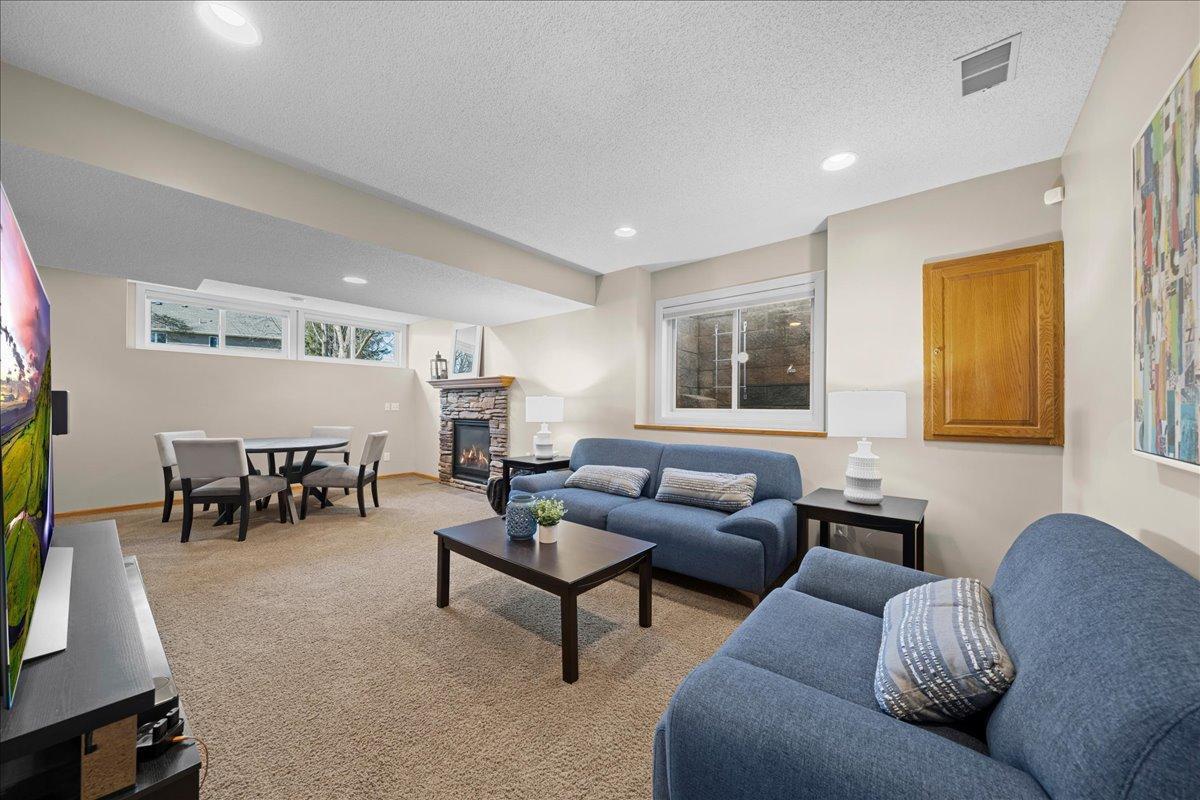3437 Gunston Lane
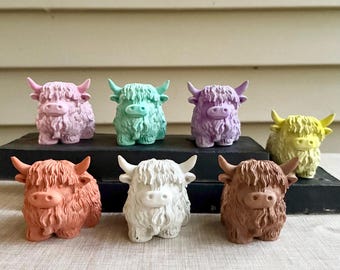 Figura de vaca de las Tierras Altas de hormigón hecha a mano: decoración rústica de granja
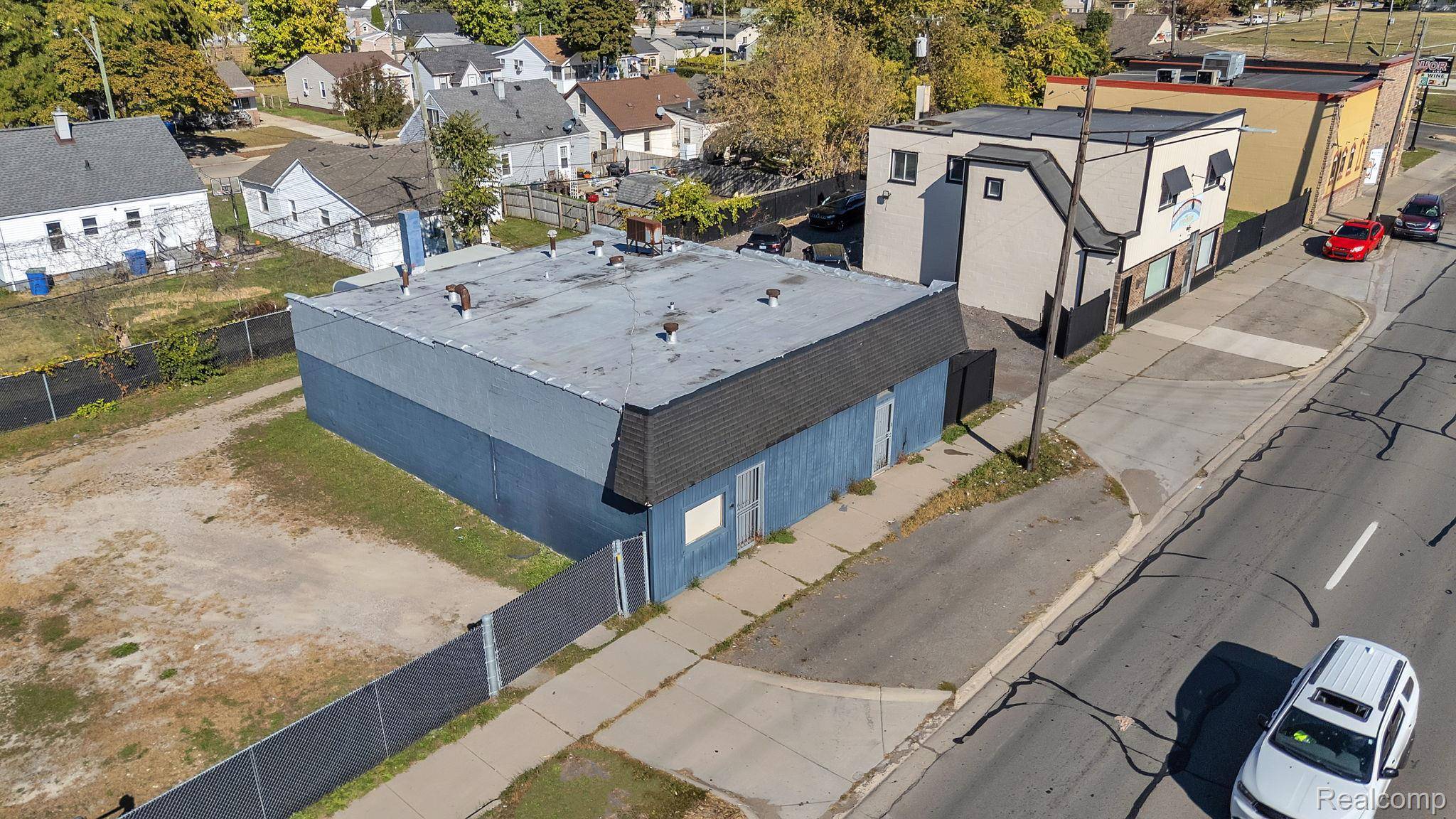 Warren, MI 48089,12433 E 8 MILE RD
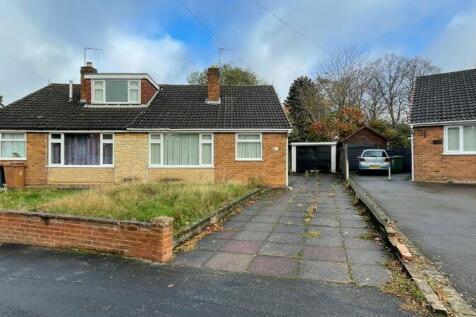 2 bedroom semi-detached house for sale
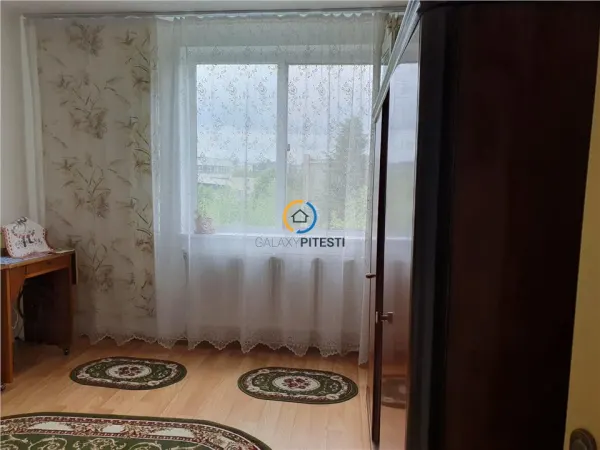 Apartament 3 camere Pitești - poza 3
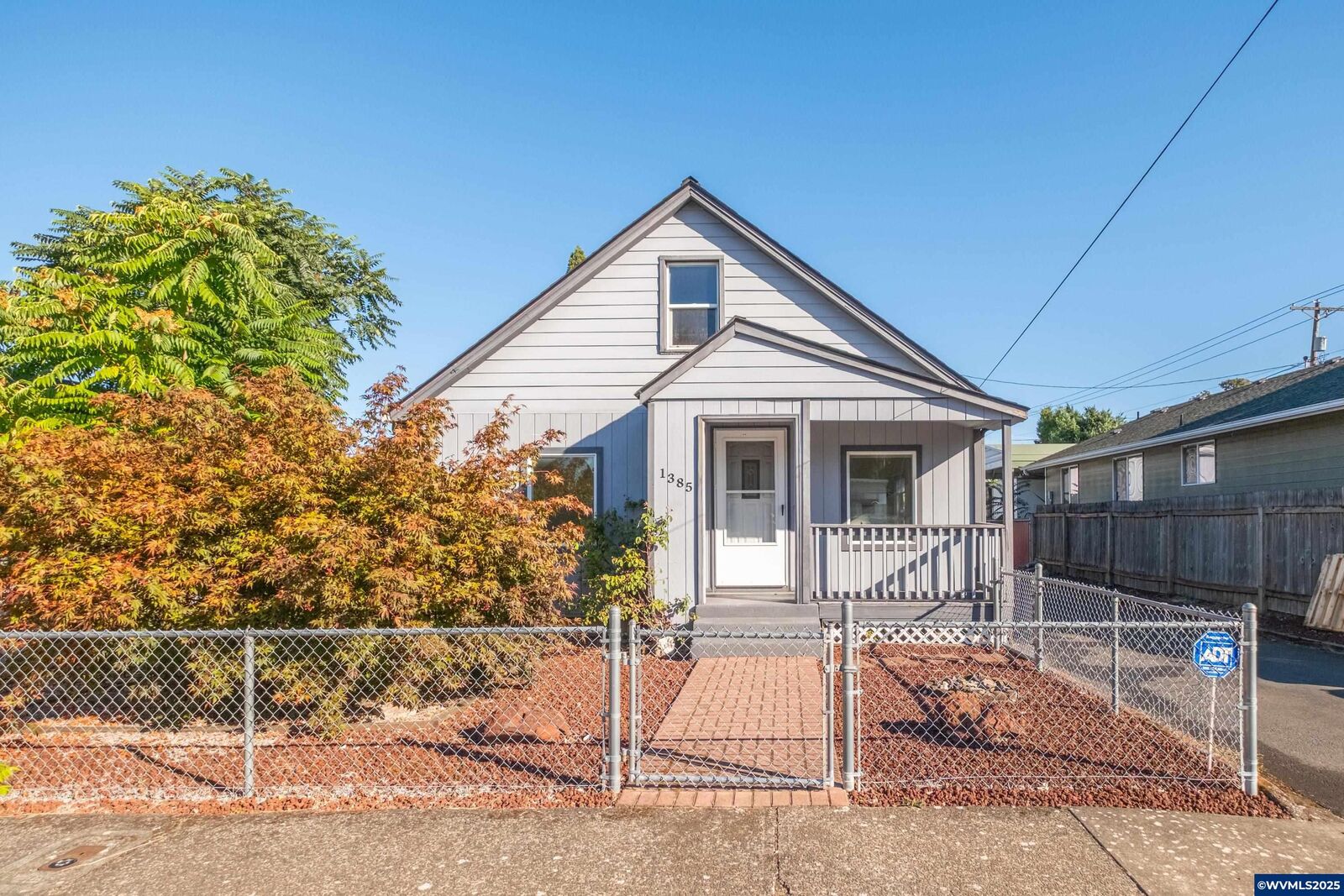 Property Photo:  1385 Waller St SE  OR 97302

****************************************

About this exercise
I would like the material repeated in full and exactly, with its images omitted.

Task result
3437 Gunston Lane
 Figura de vaca de las Tierras Altas de hormigón hecha a mano: decoración rústica de granja
 Warren, MI 48089,12433 E 8 MILE RD
 2 bedroom semi-detached house for sale
 Apartament 3 camere Pitești - poza 3
 Property Photo:  1385 Waller St SE  OR 97302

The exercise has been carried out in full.